Wednesday, September 30th, 2015
CHARLESTON, W. Va. — Just three weeks after the Upper Big Branch Mine blew up in early April 2010, the rumors of a criminal investigation of the blast were everywhere. So was the skepticism that this time would be any different.
Twenty-nine miners died at Massey Energy's Upper Big Branch mine. But in previous mining death and disaster cases, never had any high-ranking officials been charged. Plea deals went no further up than mid-level foremen or corporate subsidiaries, even after a major investigation of a January 2006 mine fire that killed two workers at another Massey operation.
It turned out, though, that the Upper Big Branch case was different. A new U.S. attorney, Booth Goodwin, and a top assistant, Steve Ruby, along with FBI Agent Jim Lafferty, did what no one had succeeded in doing — or really even tried to do — before.

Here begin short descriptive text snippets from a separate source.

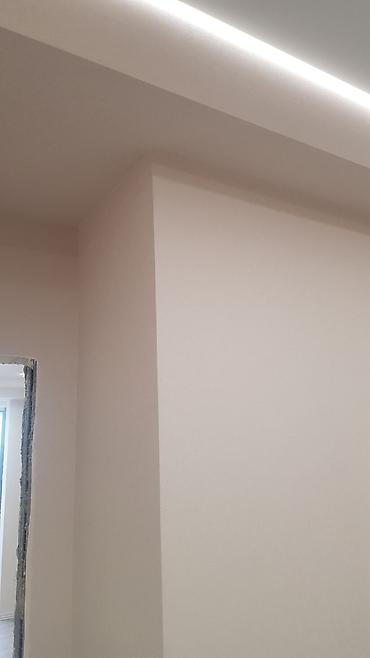 Поклейка обоев: Поклейка обоев, Демонтаж старых обоев | Бумажные обои, Виниловые обои, Флизелиновые обои Больше 6 лет опыта — 8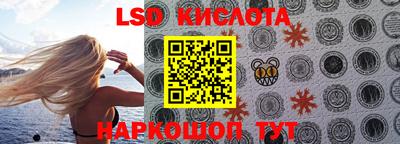 индика Кунгур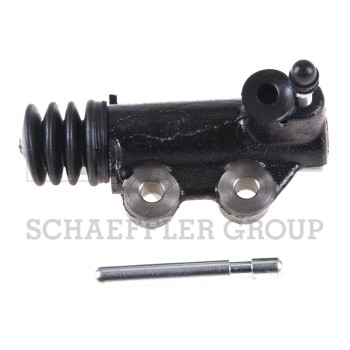 Clutch Slave Cylinder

On Oct. 1, jury selection will begin for a federal trial in which former Massey CEO Don Blankenship will face three felony charges that carry a maximum statutory sentence of 30 years in prison. Blankenship was charged in November 2014 with conspiracy to violate federal mine safety standards and to hide hazardous mine conditions from government inspectors. He is also charged with lying to investors and securities regulators about Massey’s safety practices to try to stabilize stock prices that were plummeting in the wake of the explosion. Experts say Blankenship is the highest ranking coal company official to ever face criminal charges following a mining disaster.
“We’ve never seen anybody charged of any consequence,” said former federal mine safety chief Davitt McAteer, who led an independent investigation of Upper Big Branch. “That alone is just a very dramatic shift.”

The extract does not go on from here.